Ministra das Mulheres destaca ações de educação e conscientização no combate ao feminicídio
- FORTE POR SER MULHER

- 19 de dez. de 2025
- 2 min de leitura
O Brasil registrou 1.177 casos de feminicídio em 2025, uma média preocupante de quatro mortes por dia. Os dados foram apresentados pela ministra das Mulheres, Márcia Lopes, ao detalhar as estratégias do governo federal para enfrentar a violência de gênero e ampliar a proteção às mulheres em todo o país.
Segundo a ministra, a violência contra a mulher assume diferentes formas e, muitas vezes, começa de maneira silenciosa dentro de casa. Ofensas verbais, empurrões e agressões físicas leves costumam ser naturalizadas, o que dificulta o reconhecimento da violência e o pedido de ajuda.

Ações para enfrentamento da violência
Entre as principais iniciativas do Ministério das Mulheres está a ampliação e qualificação do Ligue 180, canal que realiza cerca de 3 mil atendimentos diários, oferecendo orientação, acolhimento e encaminhamento para a rede de proteção.
A ministra destacou que o compromisso do ministério é dar visibilidade aos dados e aprimorar o monitoramento dos casos. Para isso, está em andamento a estruturação de uma área específica voltada à avaliação e gestão da informação, em parceria com órgãos de segurança pública, com o objetivo de qualificar ainda mais os registros e análises sobre a violência contra as mulheres.
Educação como ferramenta de prevenção
Outro eixo central das políticas públicas anunciadas é a educação. O ministério prevê parcerias com universidades federais, estaduais e institutos federais para incluir conteúdos permanentes sobre prevenção à violência de gênero na formação de futuros profissionais, além de ações voltadas à assistência estudantil.
A proposta é envolver diferentes setores da sociedade na construção de uma cultura de respeito e igualdade, atuando de forma preventiva desde a formação acadêmica.
Equidade salarial e autonomia feminina
A desigualdade salarial entre homens e mulheres também foi apontada como um fator que impacta diretamente a autonomia feminina. Atualmente, as mulheres recebem, em média, 21,2% a menos que os homens para exercer as mesmas funções, chegando a diferenças ainda maiores em determinados setores.
De acordo com a ministra, a falta de acesso à renda e a serviços públicos de qualidade dificulta a independência financeira das mulheres e amplia a vulnerabilidade à violência. Por isso, a implementação da lei de equidade salarial é considerada uma ferramenta essencial no enfrentamento do problema.
Ainda assim, a ministra ressaltou que a violência de gênero atravessa todas as classes sociais. Relatos de agressões e abusos aparecem entre mulheres de diferentes perfis, incluindo empresárias, gestoras públicas e lideranças acadêmicas.

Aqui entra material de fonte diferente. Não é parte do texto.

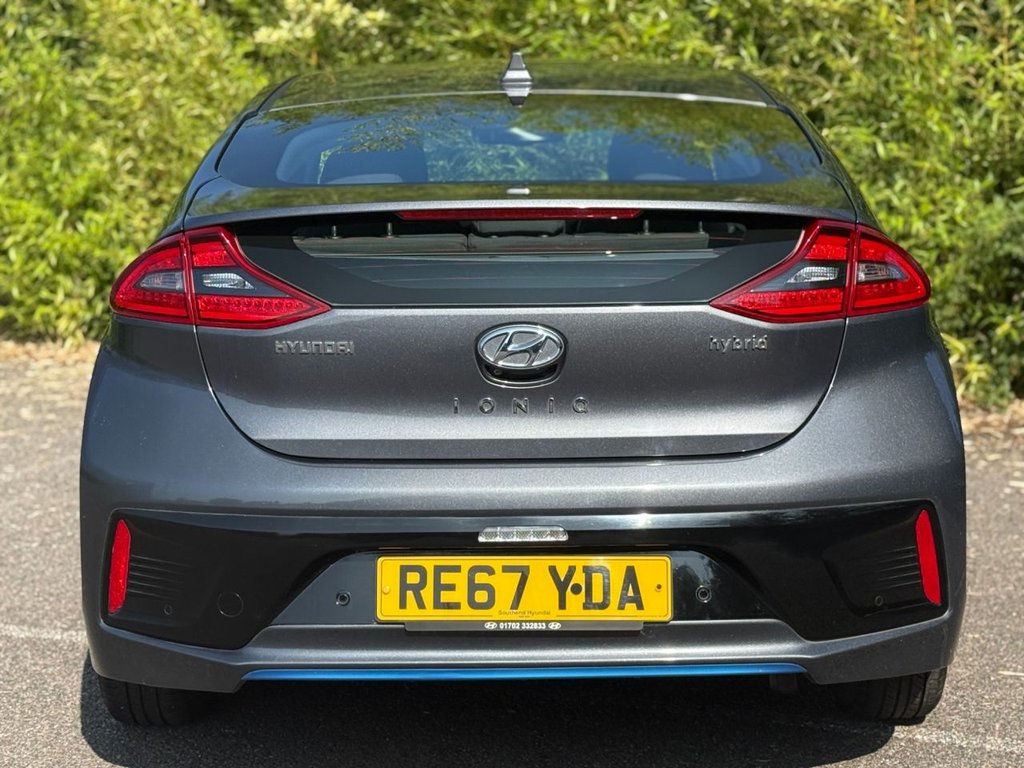 Hyundai IONIQ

Conscientização em espaços públicos
Para ampliar o alcance das ações informativas, o Ministério das Mulheres também implementou a Tenda Lilás, um projeto itinerante que leva informações sobre direitos, prevenção e enfrentamento da violência contra as mulheres a locais de grande circulação, como rodoviárias, praias, estações de metrô e trens.
A iniciativa busca dialogar diretamente com a população, ampliar o acesso à informação e fortalecer a rede de apoio às mulheres em situação de violência.

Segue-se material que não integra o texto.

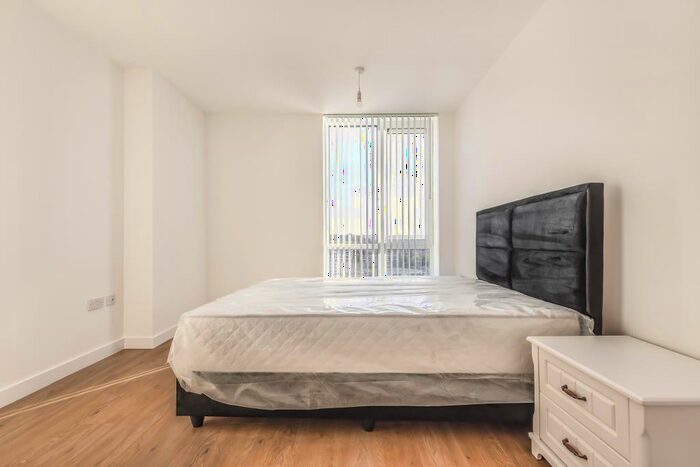 1 Bedroom Apartment To Rent In Royal Winchester House, Bracknell, RG12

Enfrentar a violência é um compromisso coletivo
As medidas apresentadas reforçam que o combate ao feminicídio exige ações integradas, envolvendo educação, políticas públicas, autonomia econômica e conscientização social. A violência contra a mulher não é um problema individual, mas uma responsabilidade coletiva que precisa ser enfrentada de forma contínua.
O Forte por Ser Mulher segue acompanhando e divulgando iniciativas que fortalecem os direitos, a dignidade e a segurança das mulheres.